Former NOAA administrator Conrad C. Lautenbacher Jr., who headed the agency under George W. Bush, called the decision to cut off funding for the Aquarius “penny-wise and pound-foolish.” He said the station — which runs on between $1 million and $4 million a year, depending on the number of missions — also gives NASA astronauts a chance to practice how to operate in space.

“It is a national asset. It’s not a large expense, but it’s very valuable for the entire national picture,” Lautenbacher said. “You have to have priorities, but to put the oceans at the bottom all the time is a very bad thing to do.”

In a statement, NOAA Administrator Jane Lubchenco, a marine ecologist by training, said the Aquarius “has been a vital part” of the agency’s oceans research “and we fully recognize its importance.”

“NOAA’s core mission is to conduct and support scientific research and exploration of the oceans,” she said. “Unfortunately, our budget environment is very, very challenging and we are unable to do all that we would like.”

The lab was vulnerable to the budget ax in part because it is part of a grant program; although the Aquarius is owned by NOAA, it is run by the University of North Carolina at Wilmington. Thomas Potts, the lab’s director, said that the program sustained “tremendous cuts” in 1996 and 2006, but that this time is different: “Now there is actual legislative language which says boom, let’s kill this.”

Rep. Ileana Ros-Lehtinen (R-Fla.), the lab’s fiercest proponent in the House, went diving Saturday to visit the lab with her husband, Dexter, and Rep. Mario Diaz-Balart (R-Fla.). A third lawmaker, Rep.

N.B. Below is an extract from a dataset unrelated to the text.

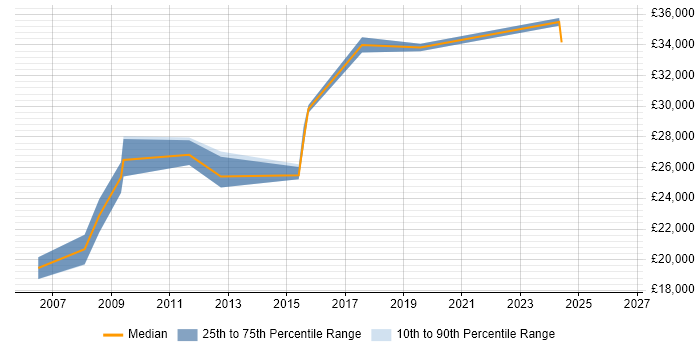 Salary distribution trend for Project Office Analyst job vacancies in the North West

David Rivera (R-Fla.), snorkeled as part of the same event.

Ros-Lehtinen said that only private donations through the newly created Aquarius Foundation could keep the facility operating.

“As NOAA funding ends for this innovative laboratory, we are all hopeful that an Aquarius Foundation will be able to reopen the base to continue the important scientific studies undertaken there,” she said.

Mark Patterson, a College of William and Mary marine science professor whose visit to the Aquarius last month marked his eighth visit there, said researchers like himself can learn much more by immersing themselves in an aquatic environment. For example, working for days at a time underwater, he said, they can attach probes to tiny coral polyps to monitor such things as the ocean’s acidity and the way water moves.

“We’re wiring up the corals to have them tell us their secrets in a way we never can in the lab,” Patterson said. “It’s just such a better way to do science, to do it in the ocean rather than concoct a caricature microcosm of nature in the laboratory. . . . I hope we’re not all crying as we turn out the lights, because working underwater is one of the most interesting things I do.”

Before the mission ended Saturday, the Aquarius hosted journalists and a film crew from the group One World One Ocean, which produced several videos about the lab.

“I think a lot of people don’t know what we have here,” said Shaun MacGillivray, One World One Ocean’s managing director, adding that being in the Aquarius “feels like you’re in outer space.”

Potts said he hasn’t given up hope, especially after hearing Lubchenco talk about the predicaments of coral reefs at the International Coral Reef Symposium this month in Cairns, Australia. The Aquarius sits next to Florida’s Conch Reef.

“Here it is, the case study, so now’s not the time to pull the plug on these things,” he said. “Now’s the time to invest.”